21/03/2004
21/03/2004

"Der Abstand zu mir dort drüben oder: bei sich sein im Fahren auf der Autobahn" - von Max Peintner

Wenn meine kleine Tochter jetzt, im Alter von nicht ganz zwei Jahren, mit der Mutter Schlafenlegen spielt, braucht die nicht zu liegen; es genügt, wenn sie bequem handhabbar auf dem Boden sitzt, die Beine ausgestreckt und den Oberkörper nicht allzu aufrecht angelehnt.

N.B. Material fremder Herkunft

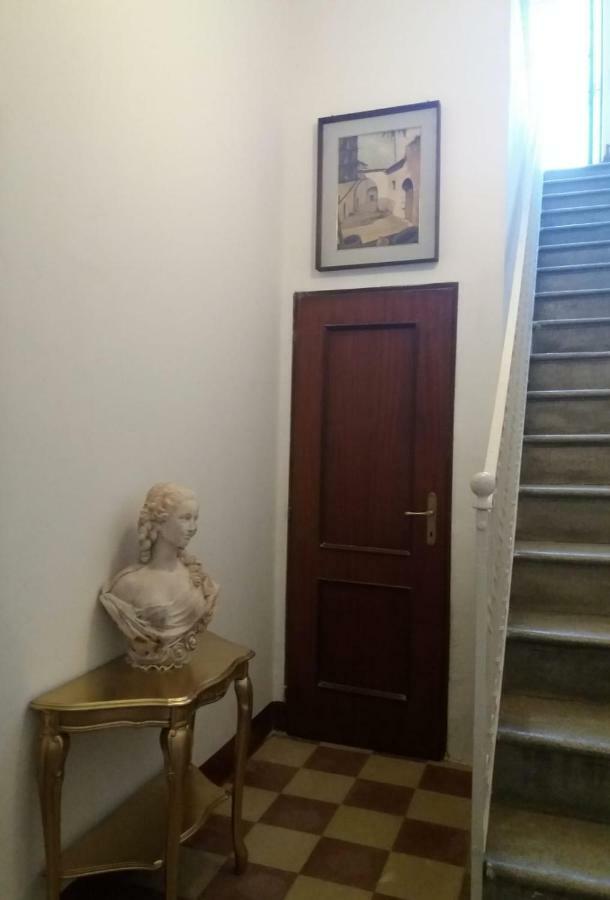 Casa Di Paola A Tufo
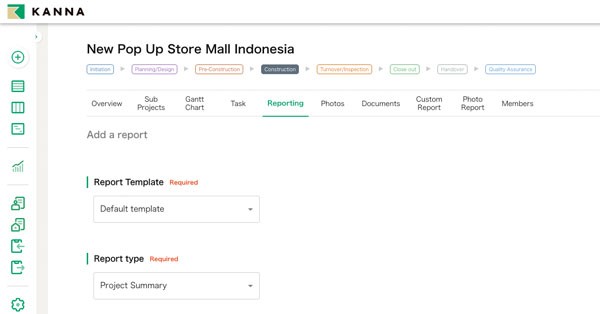Reduce Errors | Kanna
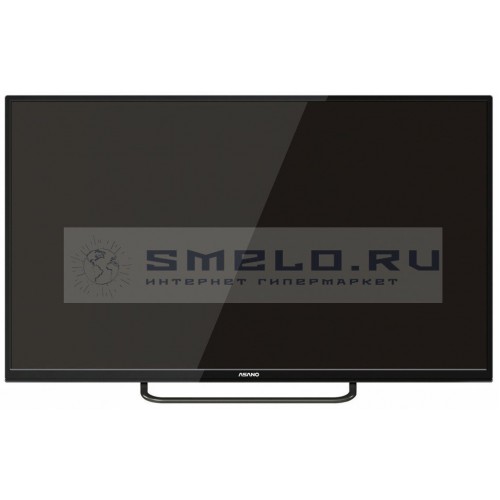 Телевизор Asano 40LF1110T (черный) 5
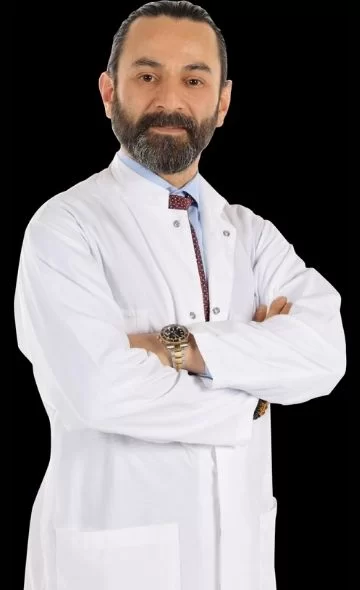 Prof. Dr. Çağatay Öztürk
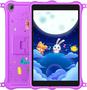 Tablet Blackview Tab 50 Kids Wi-Fi 8" 3GB/64GB - Magic Purple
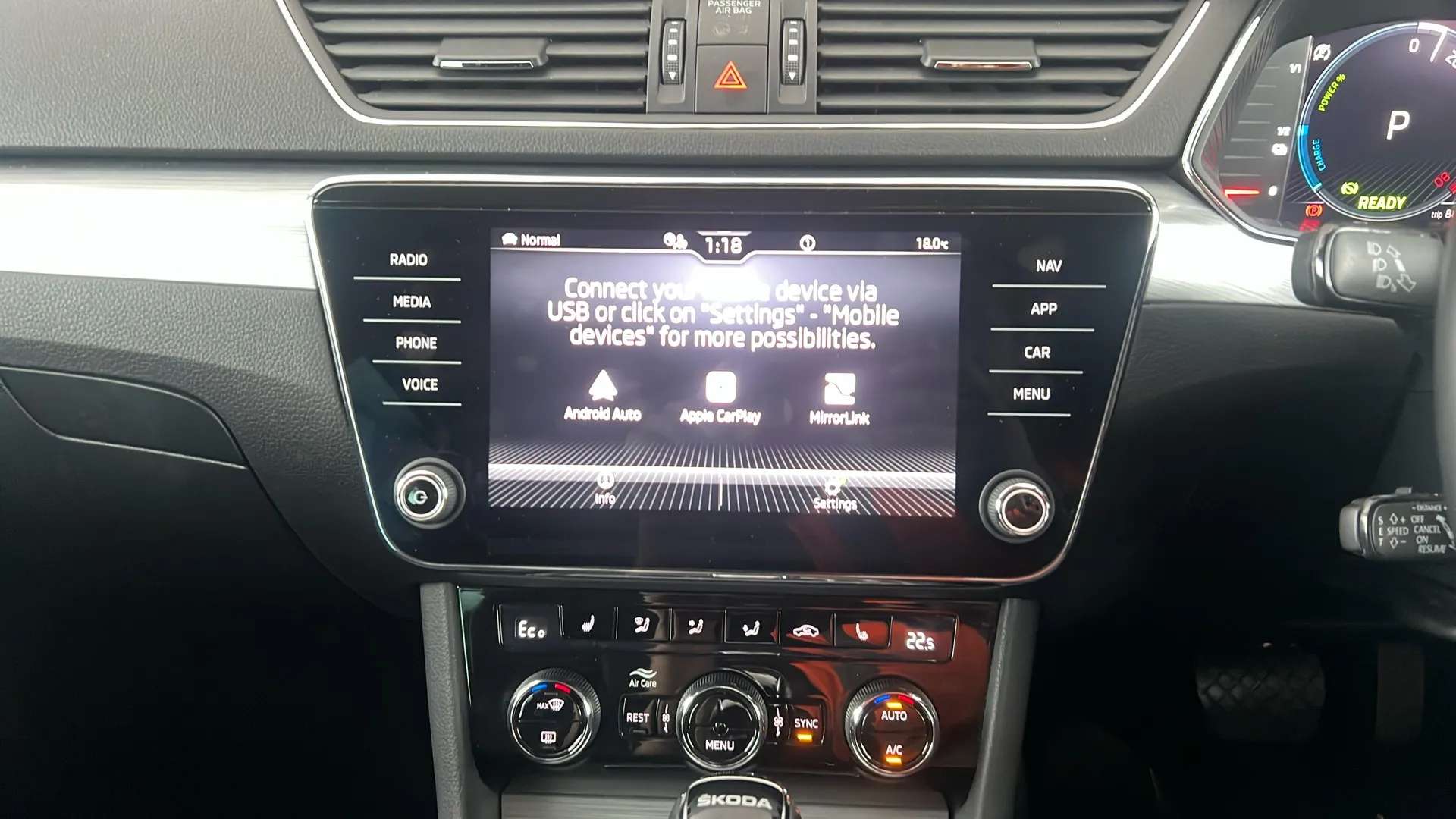 2023 SKODA SUPERB 2023 SKODA SUPERB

Nachdem die Mutter die Augen auf leichtes Antippen hin geschlossen hat (und dem nötigenfalls nachgeholfen worden ist), muss sie die Hände über dem Bauch aufeinanderlegen oder verschränken. Das kann gar nicht sorgfältig genug geschehen, und meistens wird das Kind die Stellung der Hände korrigieren oder wenigstens noch einen Finger zurechtrücken. Dann wird auch die Lieblingspuppe zum Schlafen fertig gemacht, das heißt, es werden ihr die Ärmel und Hosenbeine an den Stoffgliedmaßen hochgeschoben. Weil das Kind beim Schlafengehen die Situation umkehrt und erst einmal die Mutter zu Bett bringt, als sei sie das Kind, ist nicht mehr recht klar, wen die am Boden Sitzende und wen die Puppe vorstellt. Entweder ist die eine Person, aus technischen Gründen sozusagen, außerhalb des Schlafes der anderen, oder es sind die zwei Figuren, während sie dem Anschein nach Mutter und Kind sind, doch letztlich beide das Kind, das solcherart „schlafend“ in sich beschlossen und zugleich bloß schlafengelegt im verkörperten „Nachklang“ seines Wachzustandes aus sich herausgestellt wäre.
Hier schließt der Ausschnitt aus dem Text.